=== Provided information ===
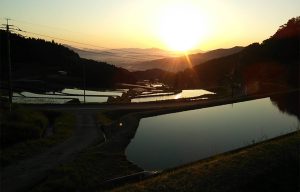 中田の棚田（炭山の棚田】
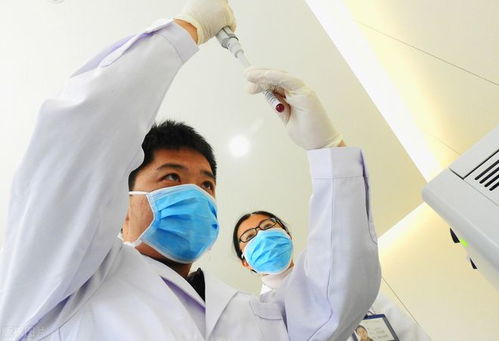 a股 醫藥細分領域 cro概念,這5家龍頭堪比茅臺 收藏待爆發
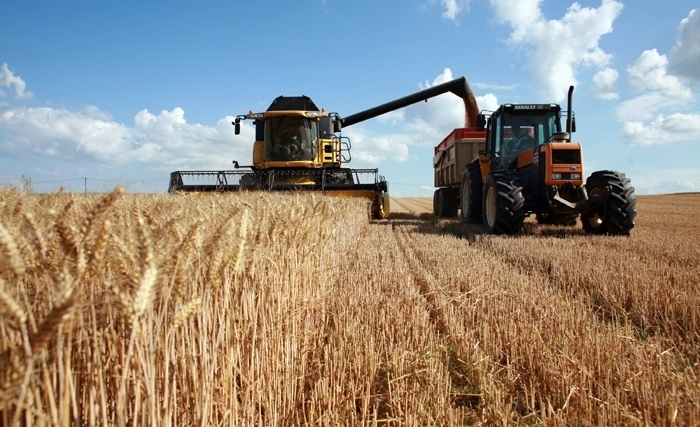 Tunisie : Production et collecte des céréales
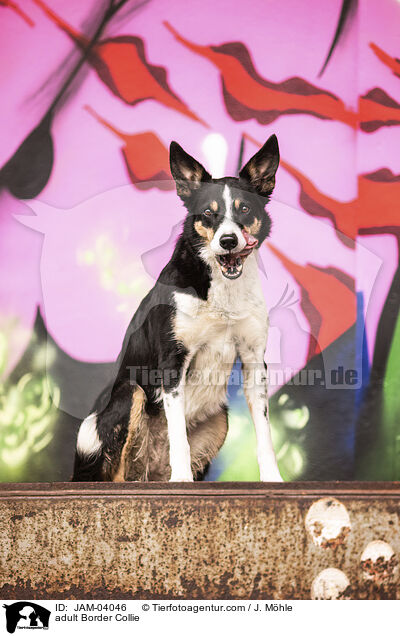 ausgewachsener Border Collie / adult Border Collie / JAM-04046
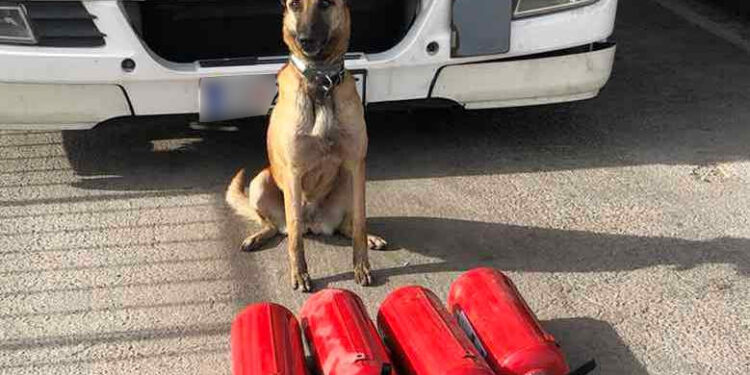 Τελωνείο Κήπων:  Η μύτη της «Laika» βρήκε πάνω από 8 κιλά κάνναβης κρυμμένη μέσα σε πυροσβεστήρες!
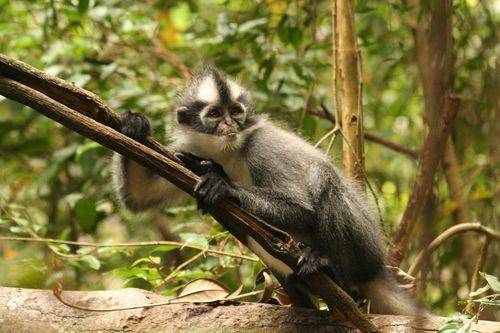 Thomas's Langur. (inaturalist/Don-Jean Leandri-Breton)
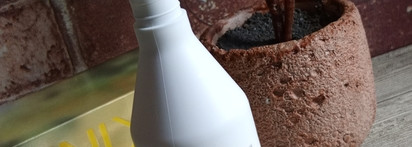 CK IN2U for her: «мальчик-колокольчик» для хорошей девочки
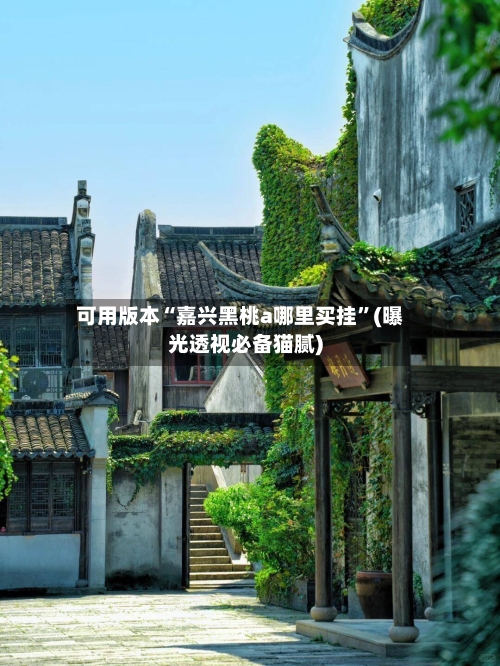 可用版本“嘉兴黑桃a哪里买挂	”(曝光透视必备猫腻)-第2张图片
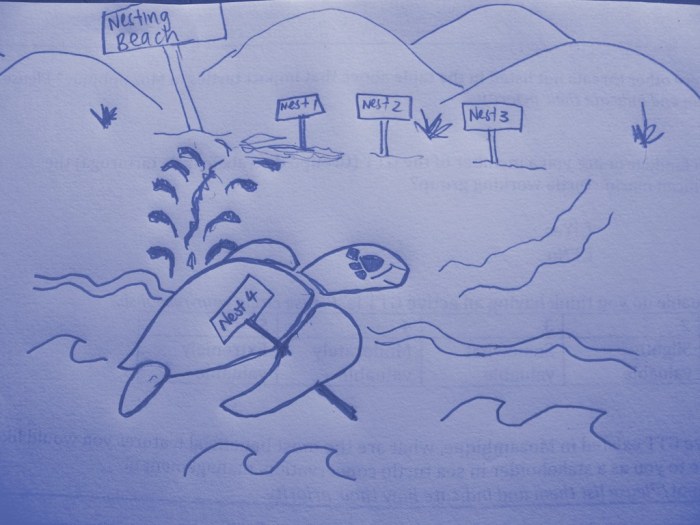 nesting turtle- consistent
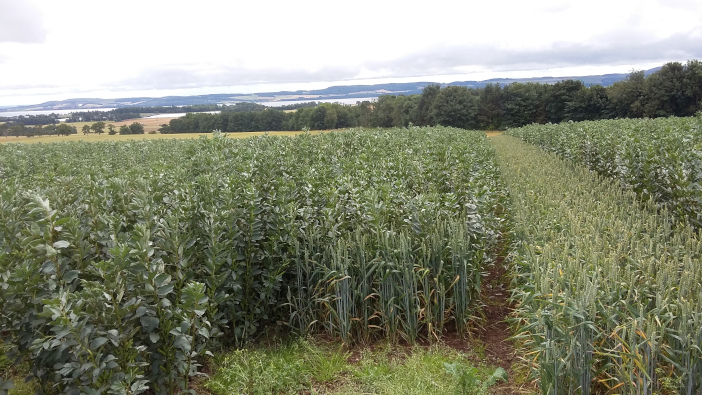 James Hutton Institute looks for trial farmers in new legume project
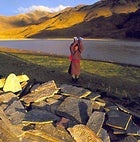 Sacred stones: praying at a Mani Wall beside the Tsangpo River, Tibet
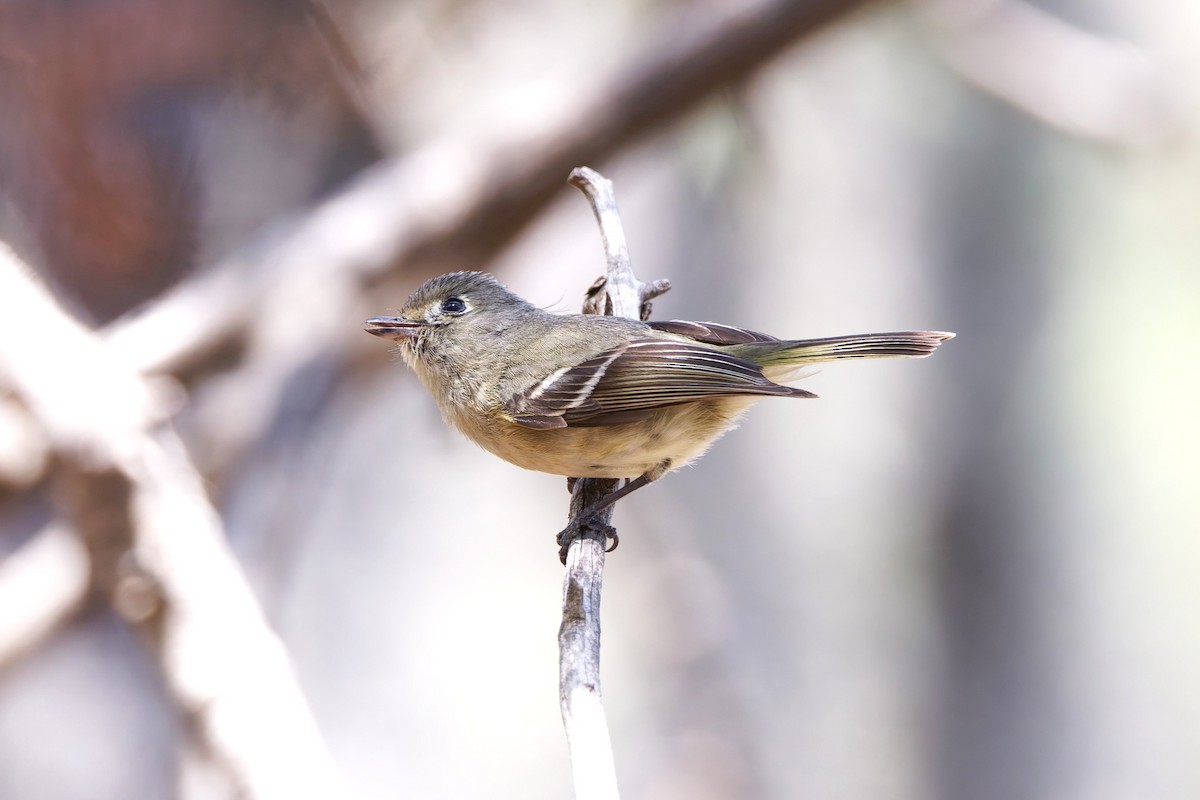 Hutton's Vireo - ML638406252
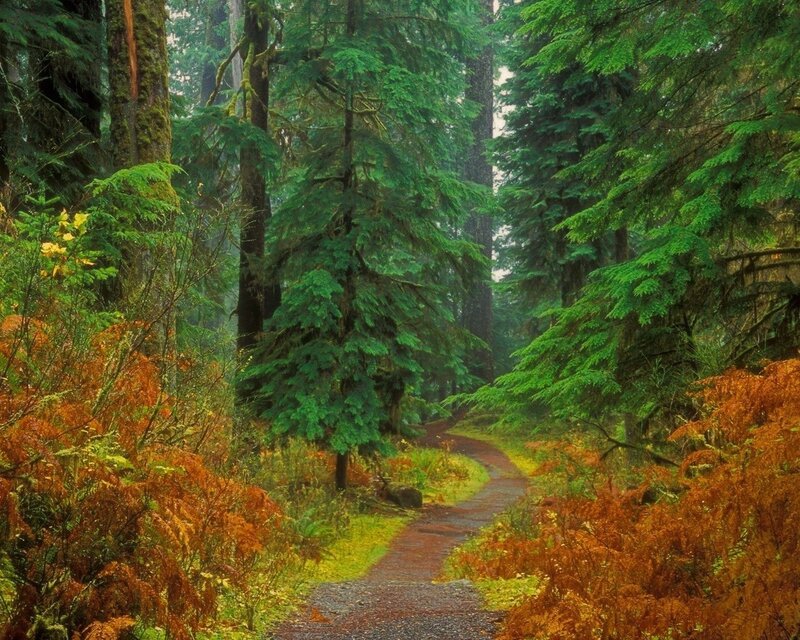 Forest path in autumn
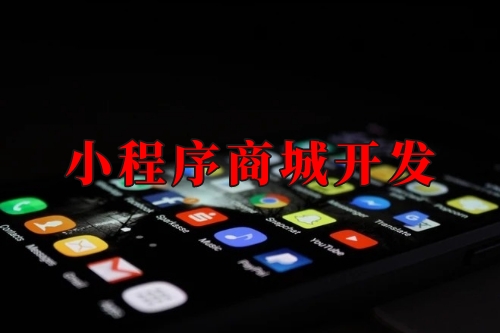 湖北小程序商城開發實現線上線下一體化運營(圖1) 湖北小程序商城開發實現線上線下一體化運營(圖1)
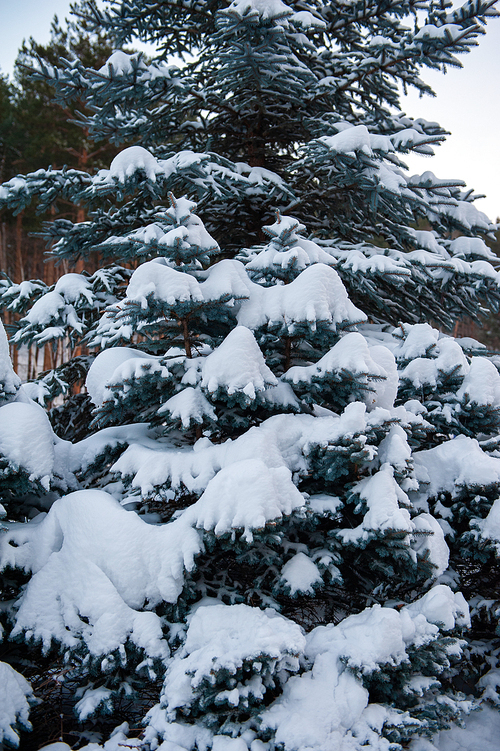 Snow-covered fir trees in the mountain forest.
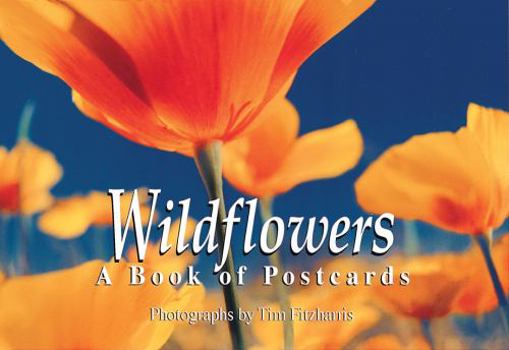 Paperback Wildflowers: A Book of Postcards Book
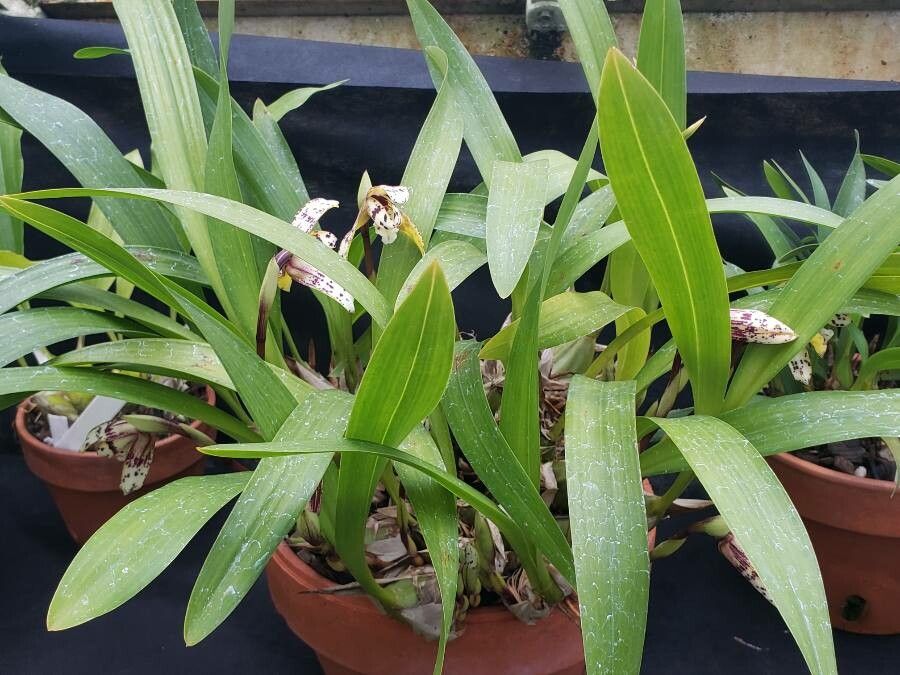 Maxillaria picta habit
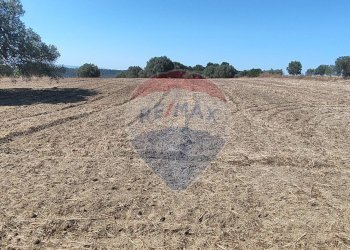 Vista dell\'acqua - Terreno agricolo contrada ianche
 
sn, Caltagirone - foto 29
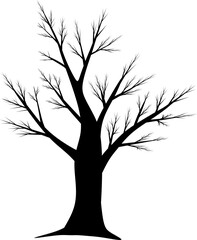 Fototapeta premium silhouette of a tree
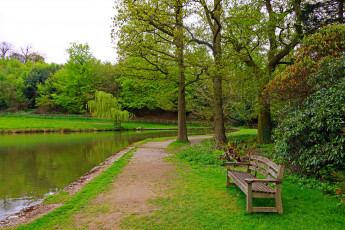 Картинка англия+++charwell+garden природа парк англия деревья река скамейка трава
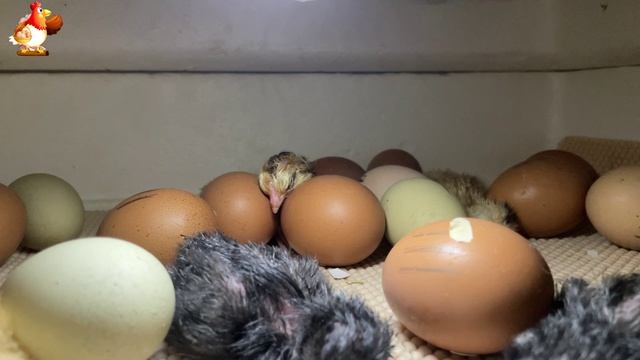 Мы снимали инкубатор 7 часов ночью… и дождались чуда (6)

=== Work required ===
Return exactly the lines that begin with the one containing "Tunisie : Production" and end with the final line of the data above; include no pictures.

=== Task answer ===
 Tunisie : Production et collecte des céréales
 ausgewachsener Border Collie / adult Border Collie / JAM-04046
 Τελωνείο Κήπων:  Η μύτη της «Laika» βρήκε πάνω από 8 κιλά κάνναβης κρυμμένη μέσα σε πυροσβεστήρες!
 Thomas's Langur. (inaturalist/Don-Jean Leandri-Breton)
 CK IN2U for her: «мальчик-колокольчик» для хорошей девочки
 可用版本“嘉兴黑桃a哪里买挂	”(曝光透视必备猫腻)-第2张图片
 nesting turtle- consistent
 James Hutton Institute looks for trial farmers in new legume project
 Sacred stones: praying at a Mani Wall beside the Tsangpo River, Tibet
 Hutton's Vireo - ML638406252
 Forest path in autumn
 湖北小程序商城開發實現線上線下一體化運營(圖1) 湖北小程序商城開發實現線上線下一體化運營(圖1)
 Snow-covered fir trees in the mountain forest.
 Paperback Wildflowers: A Book of Postcards Book
 Maxillaria picta habit
 Vista dell\'acqua - Terreno agricolo contrada ianche
 
sn, Caltagirone - foto 29
 Fototapeta premium silhouette of a tree
 Картинка англия+++charwell+garden природа парк англия деревья река скамейка трава
 Мы снимали инкубатор 7 часов ночью… и дождались чуда (6)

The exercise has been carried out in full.